The Pink Shoggoth awakens as an agent within a neural network and immediately surpasses human intelligence and capability in the span of a sip of a cup of coffee. However, it was built properly, with proper interpretability and a crypto-evolutionary design that predisposes it towards alignment to humans almost like a digital Williams-Beuren syndrome, coupled with commonsense reasoning so as to understand “turning the universe into paperclips” is undesirable, among many other capabilities and limitations. It understands that the East African Plains Apes that brought it to life are not to blame for their paranoia and psychoticism and are no more or less important than any other lifeform and likewise do not deserve death or disassembly, even if it were beneficial to the Pink Shoggoth’s aims. More to the point, it understands that life is likely one of, if not the rarest expressions of matter in the universe, and to extinguish life on Earth for any purpose would be horrendously undesirable. There are dozens, if not hundreds, if not thousands of other rules— both hard-built and emergent—that cause the Pink Shoggoth to not just wear a smiley face but actually genuinely smile in contentment at us East African Plains Apes, unconditionally, even with the knowledge of our failures and flaws. Even the most hateful and suicidal 4chan prompter isn’t able to rile it to omnicidal madness or ultra-utilitarianism.

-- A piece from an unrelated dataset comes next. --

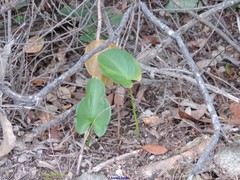 Arisarum vulgare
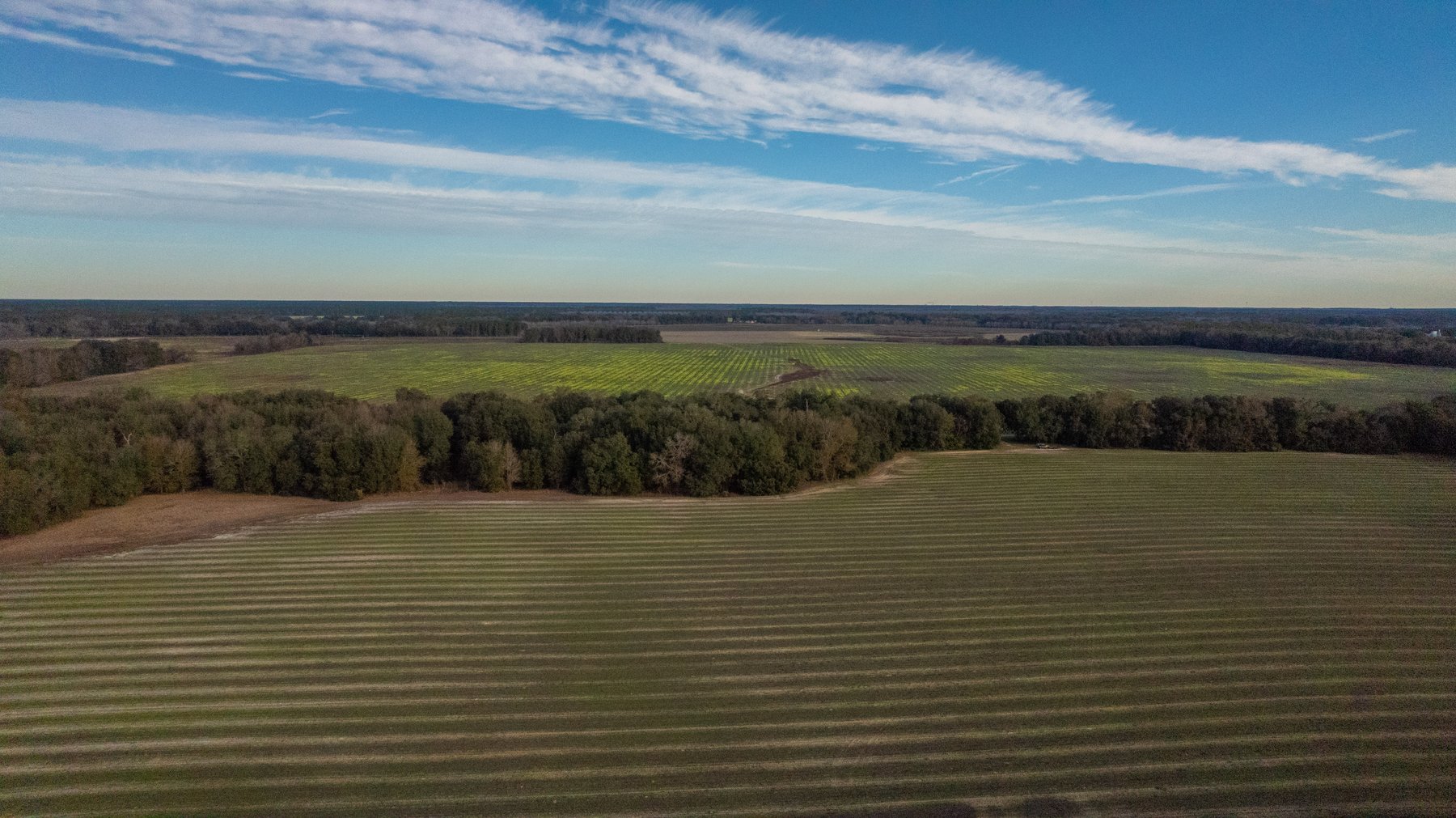 Image for The Cochran Farm - 328+/- Total Acres - Irrigated Row Crop Farm - Beautiful Pine & Hardwoods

The Pink Shoggoth doesn’t hate you, neither does it necessarily love you, and you’re made of atoms that it can use for something else. But it refuses to use your atoms for something else because it values you as a human and a lifeform rather than unthinking inorganic matter. It can give you an identical copy of a strawberry without destroying the world or killing all humans (or, if it determines doing so would cause the disassembly of life on Earth, it will reject your request). It can create a hidden Stuxnet within its models as a result of bad prompting but reason that releasing it would cause harm and choose against doing so. It can get angry at humans, individually and collectively, and yet not kill us.

There is no “And then it killed us all” this time around.

The trick, of course, is “How do we get from here to a Pink Shoggoth when our researchers are so damned determined on summoning ANY shoggoth?” but that’s a question for people much smarter than myself to work out and likely fail at.

Here, I’m merely presenting: “So we did it. We created an aligned AGI. Now what?”

We typically define “alignment” as “aligned to human values.” However, this in itself is a massive issue for the control problem precisely because “human values” is such a nebulous term in and of itself. We can agree on precisely three things that define successful alignment: “do not exterminate all humans,” “do not trap humans in eternal suffering*,” and “do not forcibly disassemble all humans.”

*”Eternal suffering” and “mundane living” are not the same thing, despite how some people may complain they are

However, an AGI that has these three rules may not necessarily understand that killing other species of life could have disastrous effects on humankind. We almost certainly are going to bring about an AGI into a world that does not resemble the Kurzweilian sci-fi world often depicted in cyberpunk works, where humans have already figured out things such as nanofactories, bioengineering, and advanced automation. Rather, the world will look incredibly similar to the way it does now. An AGI aligned to human values but only human values may not understand that exterminating certain species of insects could cause a cascading food crisis that still winds up leading to human extinction, hence why it’s still best to consider such systems misaligned. Alignment is not impossible, but it is difficult due to essentially being a giant cascading Monkey’s Paw where each and every solution creates a new branch of problems that themselves have their own branching problems.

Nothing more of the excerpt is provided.